## Problem
Where an entry below contains an image, skip the image and copy the rest exactly.

## Dataset records

<<<<

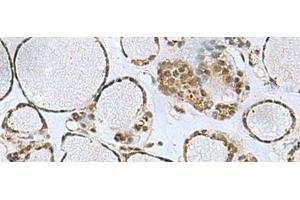 Immunohistochemistry of paraffin-embedded Human thyroid cancer tissue using PTPA Polyclonal Antibody at dilution of 1:50(x200) (PPP2R4 Antikörper)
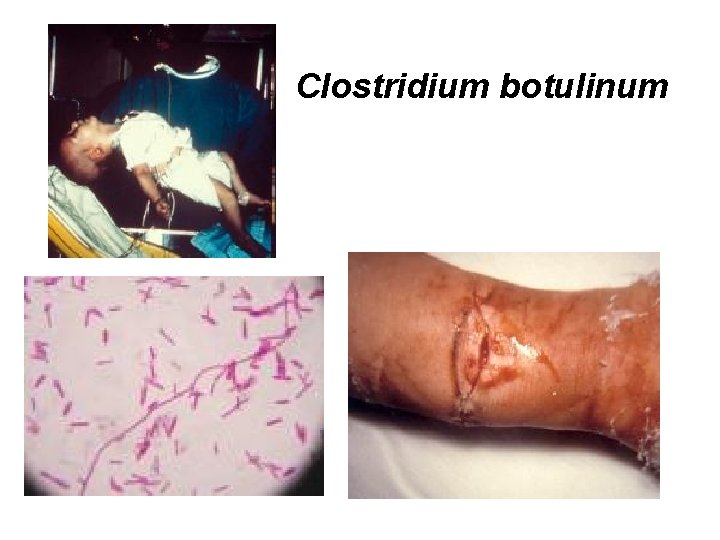 Clostridium botulinum 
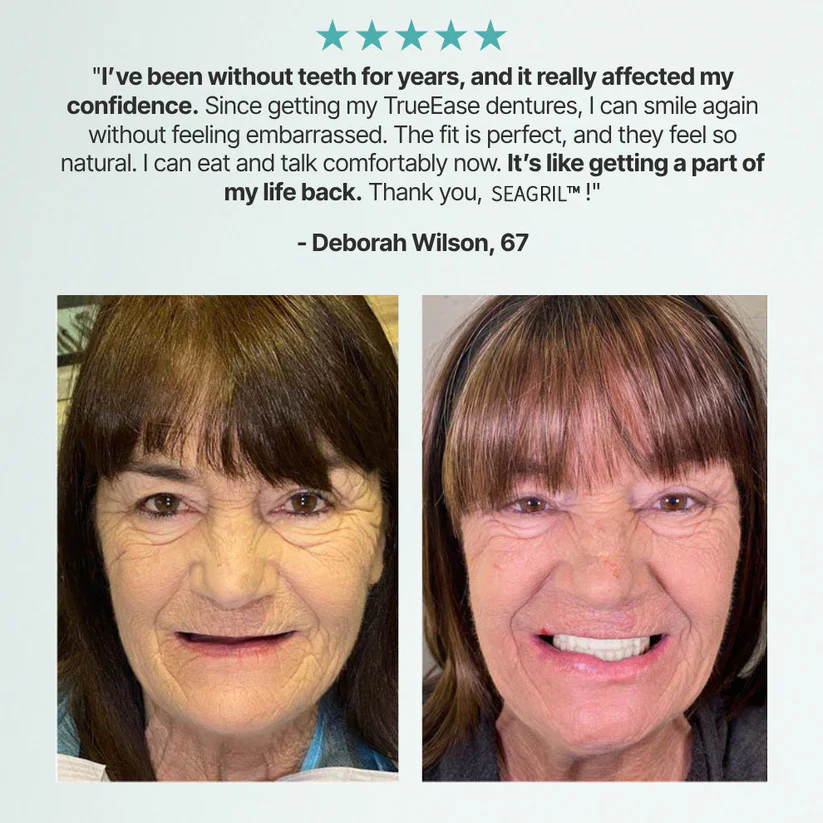 The FlexFit Adaptive Dentures - Custom Fit, Functional, and Natural Look +50% OFF! - Image 3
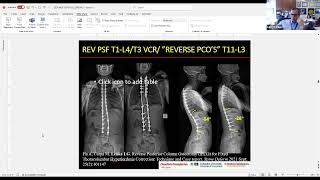 What Is the Target for Optimal Sagittal Alignment and How Do We Achieve It  Lawrence G Lenke MD [upl. by Clemence]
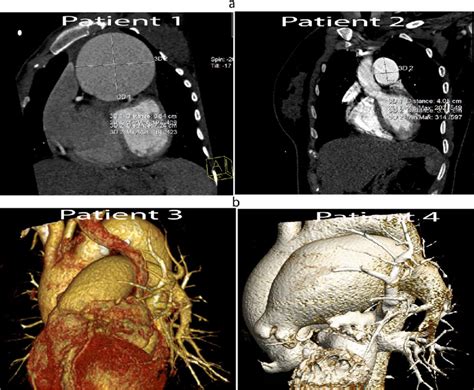 A CT Angiography With 128 Slices CT Scan Reconstructed Short Axis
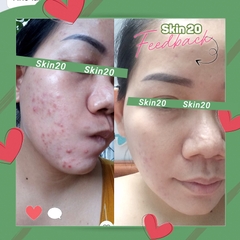 Kem dưỡng Obagi Clenziderm M.D. Therapeutic Moisturizer - 50ml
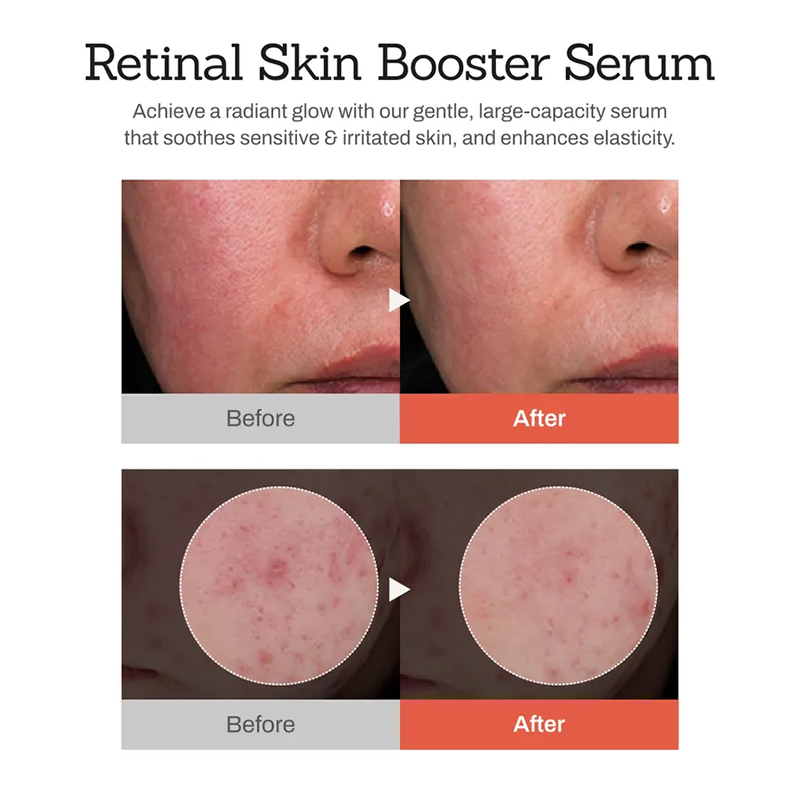 Oalen Private Label Hydrating Retinal Face Body Serum With Retinaldehyde Niacinamide and Cica Improve Dull and Uneven Skin,oalen cosmetics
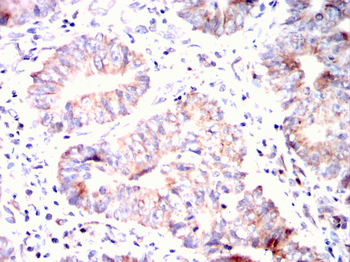BDH1 Antibody
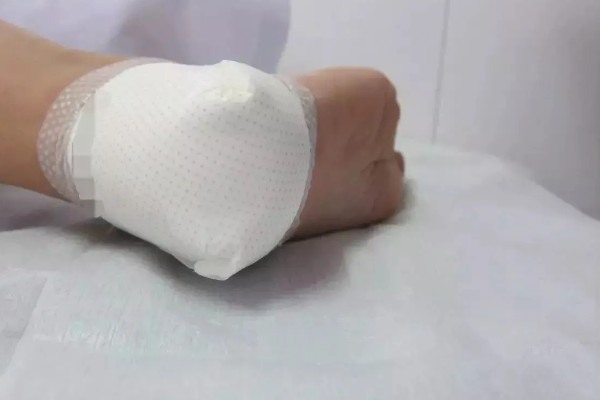 被蜜蜂蛰了如何解决，拔出毒刺再用肥皂水清洗伤口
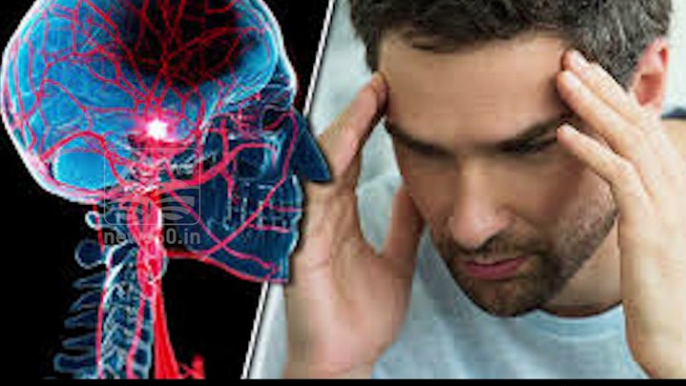 Stroke- symptoms and causes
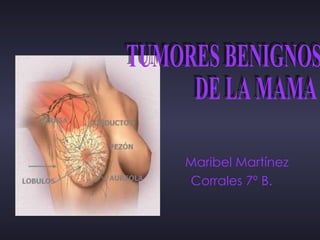 Maribel Martínez  Corrales 7º B.  TUMORES BENIGNOS  DE LA MAMA  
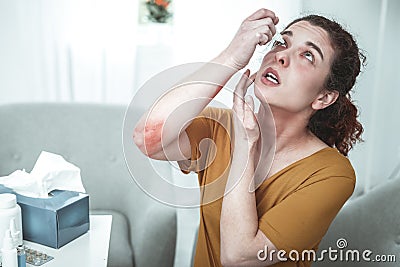Woman with scratch marks on her elbow using eye drops Stock Photo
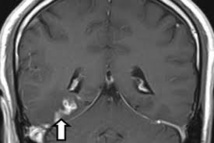 GB: un ver dans le cerveau à l'origine des maux de tête d'un patient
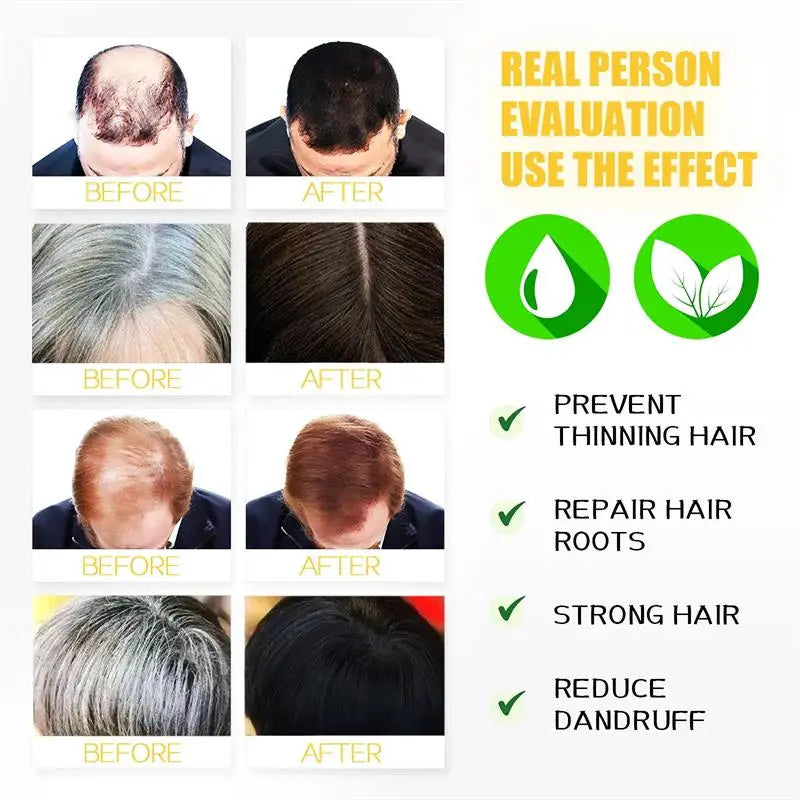 Gray White Hair Treatment Shampoo White To Black Natural Color.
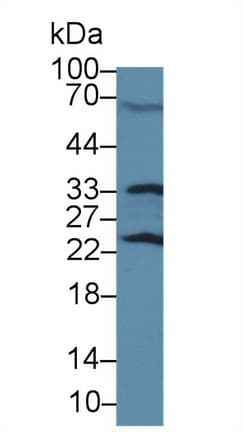 GSTP1 / GST Pi Antibody (aa1-210, PE)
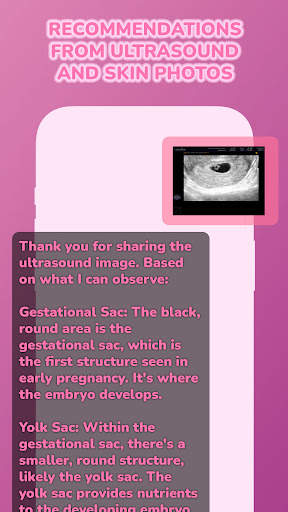 AI Pregnancy Tracking App ekran görüntüsü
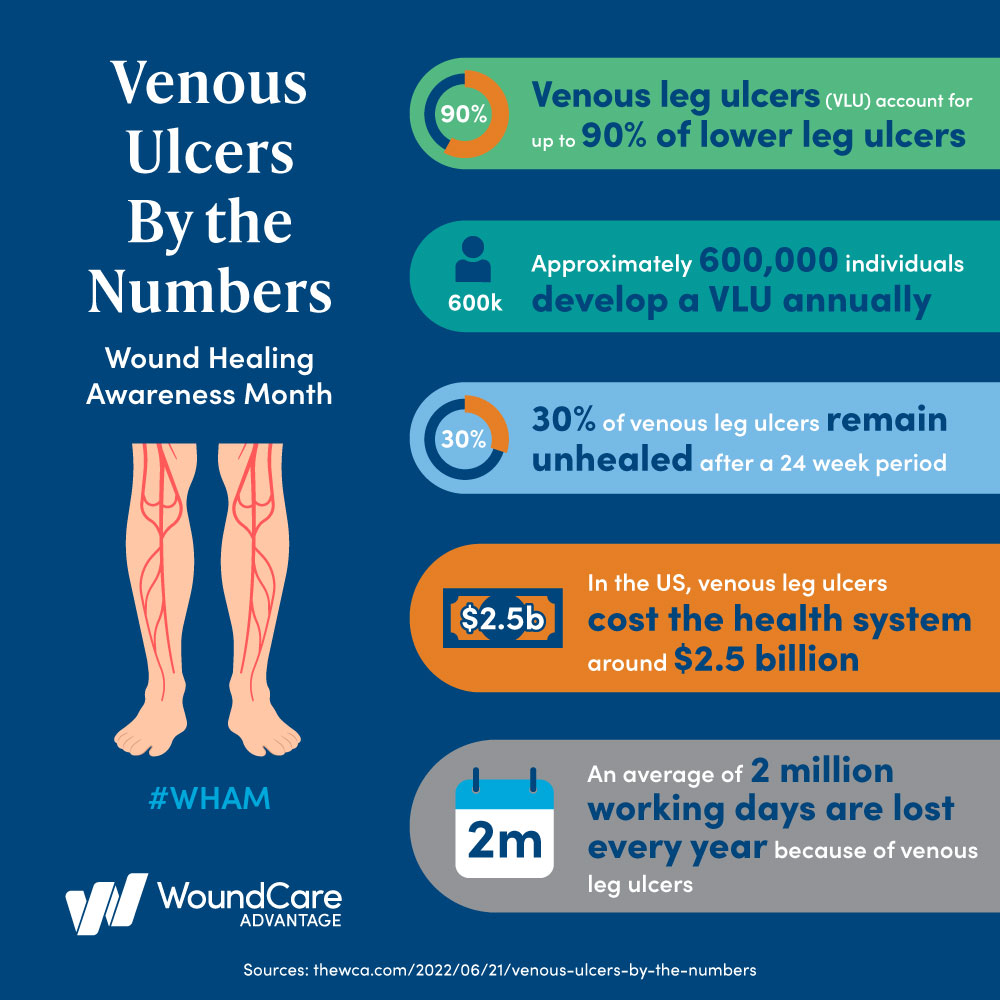 Venous Ulcers By The Numbers Wound Care Advantage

>>>>

## Answer section
 Immunohistochemistry of paraffin-embedded Human thyroid cancer tissue using PTPA Polyclonal Antibody at dilution of 1:50(x200) (PPP2R4 Antikörper)
 Clostridium botulinum 
 The FlexFit Adaptive Dentures - Custom Fit, Functional, and Natural Look +50% OFF! - Image 3
 What Is the Target for Optimal Sagittal Alignment and How Do We Achieve It  Lawrence G Lenke MD [upl. by Clemence]
 A CT Angiography With 128 Slices CT Scan Reconstructed Short Axis
 Kem dưỡng Obagi Clenziderm M.D. Therapeutic Moisturizer - 50ml
 Oalen Private Label Hydrating Retinal Face Body Serum With Retinaldehyde Niacinamide and Cica Improve Dull and Uneven Skin,oalen cosmetics
BDH1 Antibody
 被蜜蜂蛰了如何解决，拔出毒刺再用肥皂水清洗伤口
 Stroke- symptoms and causes
 Maribel Martínez  Corrales 7º B.  TUMORES BENIGNOS  DE LA MAMA  
Woman with scratch marks on her elbow using eye drops Stock Photo
 GB: un ver dans le cerveau à l'origine des maux de tête d'un patient
 Gray White Hair Treatment Shampoo White To Black Natural Color.
 GSTP1 / GST Pi Antibody (aa1-210, PE)
 AI Pregnancy Tracking App ekran görüntüsü
 Venous Ulcers By The Numbers Wound Care Advantage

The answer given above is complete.